Example #3: Indochino
We hate to pick on Indochino again because they’re a really cool company, but the copy on their previous homepage could stand out a little more from the background image since some of the letters blend in.
Adding a containment box like the one used in the Best Buy picture below is one way to solve this problem. The picture can be viewed just fine and the text stands out a bit more.
This is a sample image taken from Best Buy’s Style Guide.
3. Use every element to draw the reader’s attention to your headlines and copy
Speaking of Best Buy, their style guide has an excellent explanation of how to properly use design elements. It says:
Graphic elements should be used to draw attention to headlines and make typography more legible.
Brilliant, isn’t it? Shouldn’t graphical elements help to draw attention to your headlines and make typography more legible? The answer is yes, and this should be your strategy for every graphic element.
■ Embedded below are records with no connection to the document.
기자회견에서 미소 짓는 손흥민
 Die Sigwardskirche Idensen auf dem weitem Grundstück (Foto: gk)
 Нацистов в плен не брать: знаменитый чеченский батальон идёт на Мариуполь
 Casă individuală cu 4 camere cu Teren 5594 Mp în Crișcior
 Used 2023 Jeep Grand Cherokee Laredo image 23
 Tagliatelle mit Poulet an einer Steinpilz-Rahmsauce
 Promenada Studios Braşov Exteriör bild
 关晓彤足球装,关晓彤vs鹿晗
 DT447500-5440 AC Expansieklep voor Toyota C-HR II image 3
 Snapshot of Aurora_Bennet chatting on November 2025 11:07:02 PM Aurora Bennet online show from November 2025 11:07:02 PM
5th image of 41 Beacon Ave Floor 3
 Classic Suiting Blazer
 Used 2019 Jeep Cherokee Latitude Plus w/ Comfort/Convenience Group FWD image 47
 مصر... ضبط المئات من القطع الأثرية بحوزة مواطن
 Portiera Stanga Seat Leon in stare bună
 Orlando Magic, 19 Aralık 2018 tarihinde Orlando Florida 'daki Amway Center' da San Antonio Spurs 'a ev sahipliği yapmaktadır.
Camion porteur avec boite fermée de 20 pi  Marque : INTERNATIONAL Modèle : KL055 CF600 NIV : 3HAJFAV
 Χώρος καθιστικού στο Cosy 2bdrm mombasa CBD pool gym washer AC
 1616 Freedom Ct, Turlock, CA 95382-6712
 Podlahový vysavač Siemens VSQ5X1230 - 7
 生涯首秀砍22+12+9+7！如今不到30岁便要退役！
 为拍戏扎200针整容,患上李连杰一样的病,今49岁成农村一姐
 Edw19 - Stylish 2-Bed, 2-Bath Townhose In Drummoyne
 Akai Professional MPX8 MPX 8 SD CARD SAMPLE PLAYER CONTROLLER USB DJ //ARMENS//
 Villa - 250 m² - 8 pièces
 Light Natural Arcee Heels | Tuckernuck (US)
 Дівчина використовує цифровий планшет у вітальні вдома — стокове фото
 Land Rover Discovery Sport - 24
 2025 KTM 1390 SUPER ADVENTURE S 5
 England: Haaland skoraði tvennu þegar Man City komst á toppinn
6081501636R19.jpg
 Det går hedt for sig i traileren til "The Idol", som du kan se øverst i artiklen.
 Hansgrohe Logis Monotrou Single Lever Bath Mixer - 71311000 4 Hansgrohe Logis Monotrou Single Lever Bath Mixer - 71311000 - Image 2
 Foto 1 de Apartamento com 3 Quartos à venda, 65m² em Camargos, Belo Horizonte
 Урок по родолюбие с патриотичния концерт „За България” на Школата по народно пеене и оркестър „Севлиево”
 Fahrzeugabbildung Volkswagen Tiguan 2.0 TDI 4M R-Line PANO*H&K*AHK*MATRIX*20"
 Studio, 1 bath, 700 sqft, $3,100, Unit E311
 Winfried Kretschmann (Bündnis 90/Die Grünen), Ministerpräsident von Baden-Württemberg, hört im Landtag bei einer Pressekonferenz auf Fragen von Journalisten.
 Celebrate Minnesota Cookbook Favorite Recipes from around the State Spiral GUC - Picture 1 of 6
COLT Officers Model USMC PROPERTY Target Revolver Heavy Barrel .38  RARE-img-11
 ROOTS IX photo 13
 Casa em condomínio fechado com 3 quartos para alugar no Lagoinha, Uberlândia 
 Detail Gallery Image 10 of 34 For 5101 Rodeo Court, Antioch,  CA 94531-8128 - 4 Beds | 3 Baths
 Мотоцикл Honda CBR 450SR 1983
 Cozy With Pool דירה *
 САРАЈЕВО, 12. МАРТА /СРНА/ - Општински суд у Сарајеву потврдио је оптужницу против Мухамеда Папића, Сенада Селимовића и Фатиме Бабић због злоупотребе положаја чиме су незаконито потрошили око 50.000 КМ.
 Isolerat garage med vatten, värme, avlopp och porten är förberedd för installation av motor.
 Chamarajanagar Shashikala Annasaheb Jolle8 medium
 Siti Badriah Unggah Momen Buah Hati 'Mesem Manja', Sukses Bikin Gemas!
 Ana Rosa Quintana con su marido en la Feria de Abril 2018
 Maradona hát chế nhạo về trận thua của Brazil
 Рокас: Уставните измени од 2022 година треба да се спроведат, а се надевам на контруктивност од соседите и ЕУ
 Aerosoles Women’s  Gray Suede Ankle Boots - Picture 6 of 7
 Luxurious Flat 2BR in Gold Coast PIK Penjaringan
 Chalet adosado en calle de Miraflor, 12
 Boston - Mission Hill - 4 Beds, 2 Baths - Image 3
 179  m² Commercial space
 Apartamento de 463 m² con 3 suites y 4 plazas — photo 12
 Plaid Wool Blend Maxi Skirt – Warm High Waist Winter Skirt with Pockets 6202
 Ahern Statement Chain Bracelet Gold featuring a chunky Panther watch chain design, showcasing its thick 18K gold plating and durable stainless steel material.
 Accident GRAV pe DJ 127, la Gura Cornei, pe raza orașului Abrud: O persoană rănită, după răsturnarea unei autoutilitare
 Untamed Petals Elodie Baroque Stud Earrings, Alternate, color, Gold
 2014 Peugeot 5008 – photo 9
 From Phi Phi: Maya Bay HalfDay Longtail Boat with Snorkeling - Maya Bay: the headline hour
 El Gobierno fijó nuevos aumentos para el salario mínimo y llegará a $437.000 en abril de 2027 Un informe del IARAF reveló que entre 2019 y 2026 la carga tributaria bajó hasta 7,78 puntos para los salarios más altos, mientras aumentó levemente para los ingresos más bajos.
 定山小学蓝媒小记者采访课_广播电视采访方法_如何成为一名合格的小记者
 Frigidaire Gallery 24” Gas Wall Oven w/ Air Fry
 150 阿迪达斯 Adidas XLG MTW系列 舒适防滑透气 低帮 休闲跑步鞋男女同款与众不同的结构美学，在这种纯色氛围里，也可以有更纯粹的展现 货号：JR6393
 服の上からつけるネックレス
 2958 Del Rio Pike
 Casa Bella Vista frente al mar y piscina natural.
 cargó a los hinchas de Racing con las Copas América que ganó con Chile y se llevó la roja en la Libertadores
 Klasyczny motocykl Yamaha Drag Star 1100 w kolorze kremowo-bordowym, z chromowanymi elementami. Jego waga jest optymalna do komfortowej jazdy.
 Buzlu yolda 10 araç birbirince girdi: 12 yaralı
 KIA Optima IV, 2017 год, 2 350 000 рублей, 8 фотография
You should use every element to draw the reader’s attention to headlines and lead them into your copy. (Unfortunately, as obvious as this is, it’s a rule that gets broken more frequently than most people would like to admit.)
This means you need to evaluate every graphical element you add to your site and make sure it helps to get your copy read. It’s very possible that the picture you just added of a beautiful, smiling model is distracting customers from your headline or call to action.
Here is an example:
Single Grain
Single Grain also does a good job of using graphic elements to focus visitors on their headline and to lead them down a path to read their copy.
4. Employ reverse type sparingly
Last but not least, you need to employ reverse type sparingly. David Ogilvy, one of the most legendary copywriters of all time, was notorious for despising reverse type. He was known to cite studies that proved it was harder to read and made it more difficult to retain information.
So is it true? Yes, it is.
An Australian editor named Colin Wheildon conducted a test to see what impact reverse type had on reading comprehension, if any. Here’s a summary of the most relevant results:
- Black text on a white background led to 70% of participants achieving good comprehension, 19% achieving fair, and 11% achieving poor.
- White text on a black background led to 0% achieving good comprehension, 12% achieving fair, and 88% achieving poor.
That’s kind of a big deal, right? Yes, yes it is. Not a single person achieved a good comprehension level when white text was used on a black background. These results were nearly identical when white text was used on other colored backgrounds such as blue and purple.
So should you never use reverse type? Actually, there are cases where it’s ok to use such as secondary elements.
But if you really want to increase retention on parts of your pages or ads that are really critical, then you’ll probably want to spare reverse type for sections of copy that aren’t as critical to your campaign’s success.
Example: Kissmetrics
The old Kissmetrics blog layout is a good example of the proper use of reverse type. The main blog section uses black text on a white background to increase readability.
Reverse type is used for the button copy and the tagline, both elements that are secondary copy on this page.
Conclusion
With all of these examples we’ve learned that design and copy are both critical for a campaign’s success. Expertly written copy on a distracting design won’t achieve the same results as the same copy placed on a design that draws readers in and focuses their attention on headlines and copy.
To achieve this, you should remember to:
- Always use high contrast between fonts and backgrounds
- Make sure your font doesn’t blend into a background image
- Use every element to draw readers’ attention to your headlines and copy
- Employ reverse type sparingly
Following these rules will send you on your way to an excellent design that works synergistically together with your copy to get optimal results.